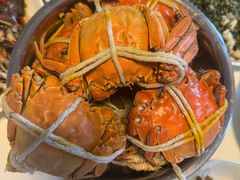 -七欣天香辣蟹火锅(上海银亿滨江店)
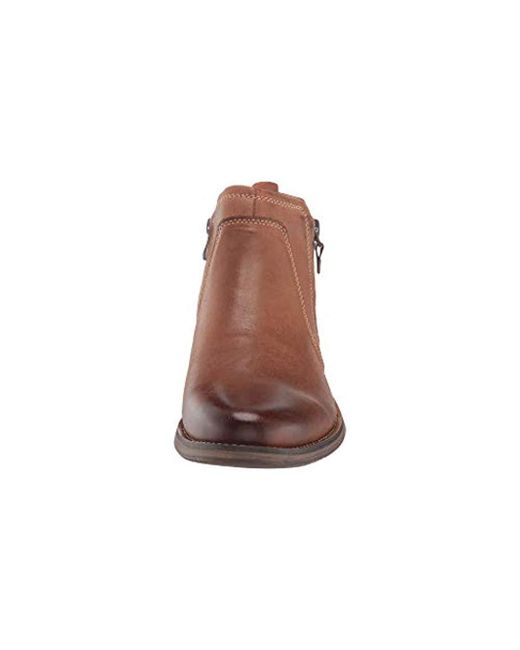 steve madden men's palma chelsea boot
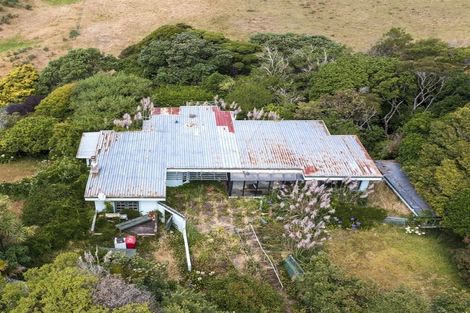 Photo of property in 36 Ngaio Street, Otaki Beach, Otaki, 5512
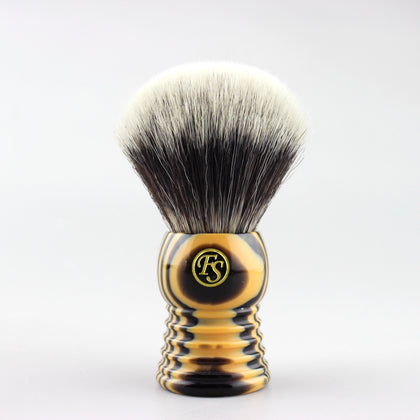 Lather Master Synthetic hair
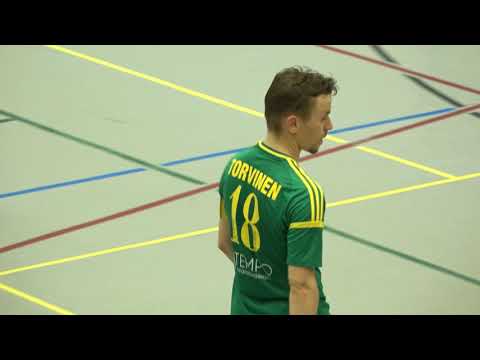 23.9.2017  Sievi FS-Ilves FS kooste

#### Work to complete
Retype the line containing "Photo of property" and each line after it through the last line of the entries above, exactly, with no pictures and nothing else.

#### Result of the exercise
 Photo of property in 36 Ngaio Street, Otaki Beach, Otaki, 5512
 Lather Master Synthetic hair
 23.9.2017  Sievi FS-Ilves FS kooste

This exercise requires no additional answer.